Well, yes and no. Your thinking is of course correct if the advertised
available IOVA space can be fully utilized without exhausting
hypervisor resources we won't trigger this case. However sadly there
are complications. The most obvious being that in QEMU/KVM the
restriction of the IOVA space to what QEMU can actually have mapped at
once was just added recently[0] prior to that we would regularly go
through this "I'm out of resources free me some IOVAs" dance with our
existing DMA API implementation where this just triggers an early cycle
of freeing all unused IOVAs followed by a global flush. On z/VM I know
of no situations where this is triggered. That said this signalling is
architected so z/VM may have corner cases where it does this. On our
bare metal hypervisor (no paging) this return code is unused and IOTLB
flushes are simply hardware cache flushes as on bare metal platforms.

[0]
https://lore.kernel.org/qemu-devel/20221028194758.204007-4-mjrosato@xxxxxxxxxxxxx/

That sheds a bit more light, thanks, although I'm still not confident I
fully understand the whole setup. AFAICS that patch looks to me like
it's putting a fixed limit on the size of the usable address space.
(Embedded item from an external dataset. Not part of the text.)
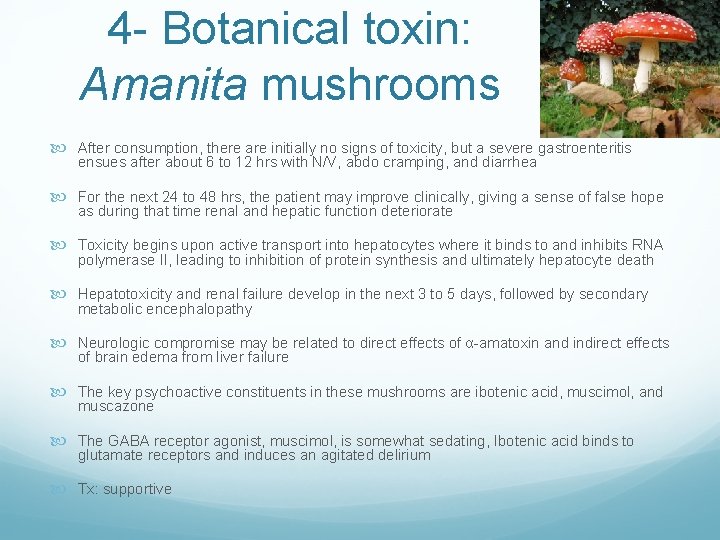 4 - Botanical toxin: Amanita mushrooms After consumption, there are initially no signs of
That
in turn implies that "free some IOVAs and try again" might be a red
herring and never going to work; for your current implementation, what
that presumably means in reality is "free some IOVAs, resetting the
allocator to start allocating lower down in the address space where it
will happen to be below that limit, and try again", but the iommu-dma
allocator won't do that. If it doesn't know that some arbitrary range
below the top of the driver-advertised aperture is unusable, it will
just keep allocating IOVAs up there and mappings will always fail.
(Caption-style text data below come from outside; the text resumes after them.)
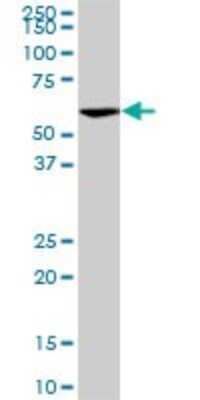 Western Blot: VRK2 Antibody (3B10) [H00007444-M01] - VRK2 monoclonal antibody (M01), clone 3B10. Analysis of VRK2 expression in U-2 OS.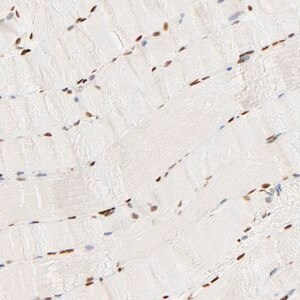 Merck Anti-FAM50A antibody produced in rabbit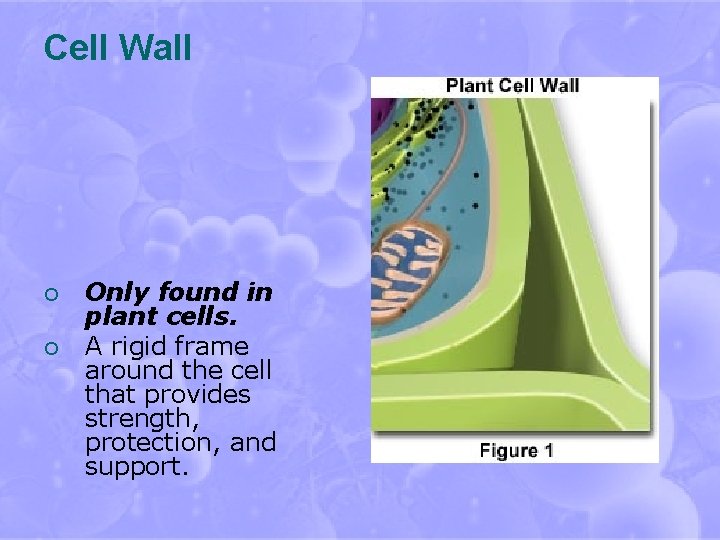 Cell Wall ¡ ¡ Only found in plant cells. A rigid frame around the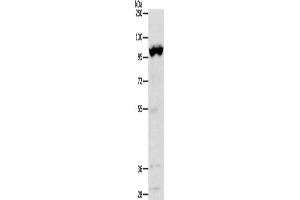Western Blotting (WB) image for anti-Transient Receptor Potential Cation Channel, Subfamily M, Member 5 (TRPM5) antibody (ABIN2426991) (TRPM5 antibody)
If the driver can't accurately represent the usable IOVA space via the
aperture and/or reserved regions, then this whole approach seems doomed.
If on the other hand I've misunderstood and you can actually still use
any address, just not all of them at the same time,

This is exactly it, the problem is a limit on the number of IOVAs that
are concurrently mapped. In QEMU pass-through the tightest limit is
usually the one set by the host kernel parameter
vfio_iommu_type1.dma_entry_limit which defaults to 65535 mappings. With
IOMMU_DOMAIN_DMA we stay under this limit without extra action but once
there is a flush queue (including the existing per-CPU one) where each
entry may keep many pages lazily unmapped this is easly hit with fio
bandwidth tests on an NVMe. For this case this patch works reliably
because of course the number of actually active mappings without the
lazily freed ones is similar to the number of active ones with
IOMMU_DOMAIN_DMA.

  then it might in
fact be considerably easier to skip the flush queue mechanism entirely
and implement this internally to the driver - basically make .iotlb_sync
a no-op for non-strict DMA domains,

I'm assuming you mean .iotlb_sync_map above.
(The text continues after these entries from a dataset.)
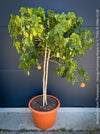 Abutilon Pictum Thompsonii, with Abutilon Mosaic virus, orange-red flowering, organically grown tropical plants for sale at TOMs FLOWer CLUB.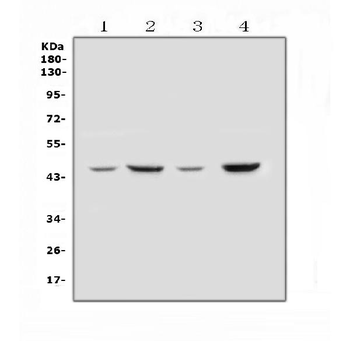 SOX3 Rabbit Polyclonal Antibody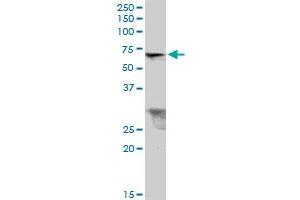 TRIM26 MaxPab polyclonal antibody. (TRIM26 antibody  (AA 1-539))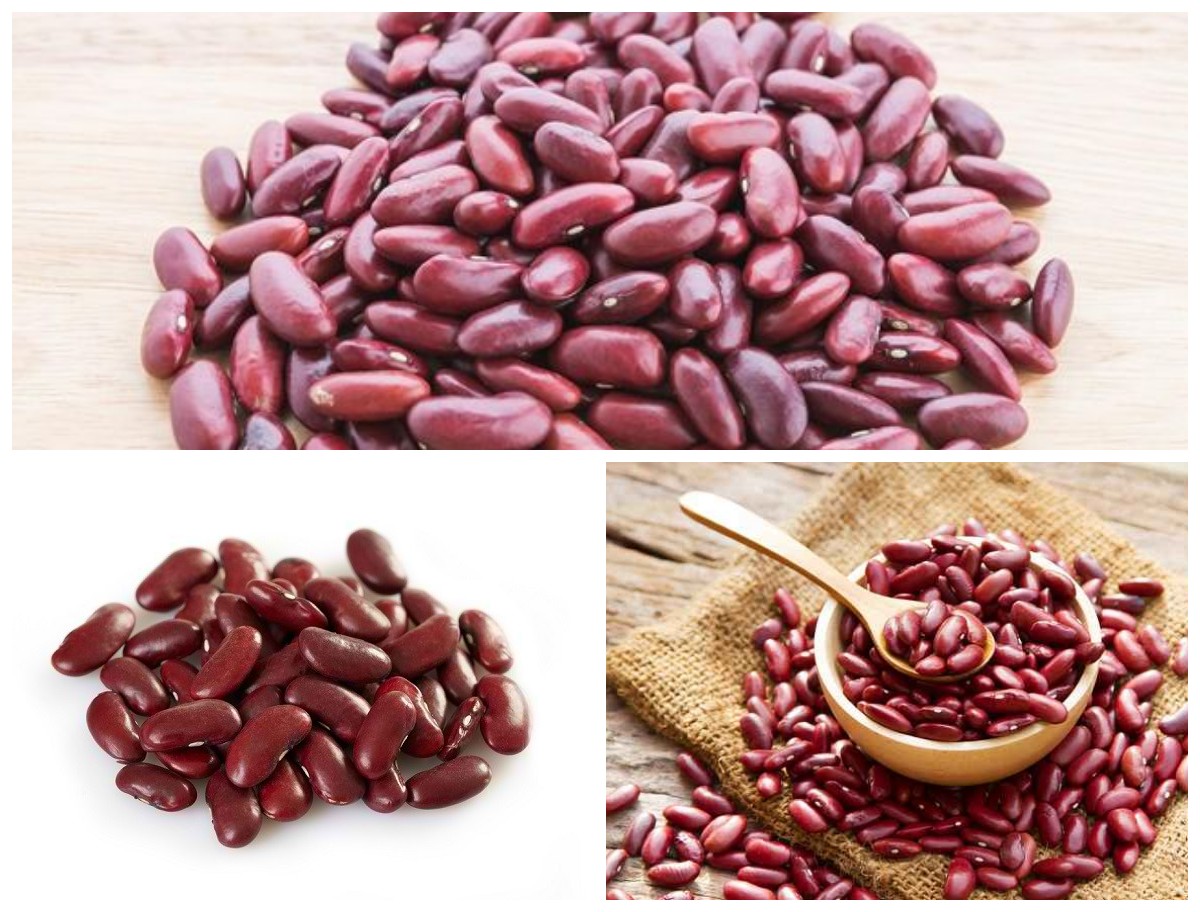 Manfaat Kacang Merah bagi Kesehatan Tubuh: Sumber Protein Nabati yang Kaya Nutrisi dan Baik untuk Jantung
No, I did mean .iotlb_sync, however on reflection that was under the 
assumption that it's OK for the hypervisor to see a new mapping for a 
previously-used IOVA without having seen it explicitly unmapped in 
between. Fair enough if that isn't the case, but if it is then your 
pagetable can essentially act as the "flush queue" by itself.

  put the corresponding RPCIT flush
and retry in .sync_map, then allow that to propagate an error back to
iommu_map() if the new mapping still hasn't taken.

Thanks,
Robin.

Hmm, interesting. This would leave the IOVAs in the flush queue lazily
unmapped and thus still block their re-use but free their host
resources via a global RPCIT allowing the guest to use a different
porition of the IOVA space with those resources. It could work, though
I need to test it, but it feels a bit clunky.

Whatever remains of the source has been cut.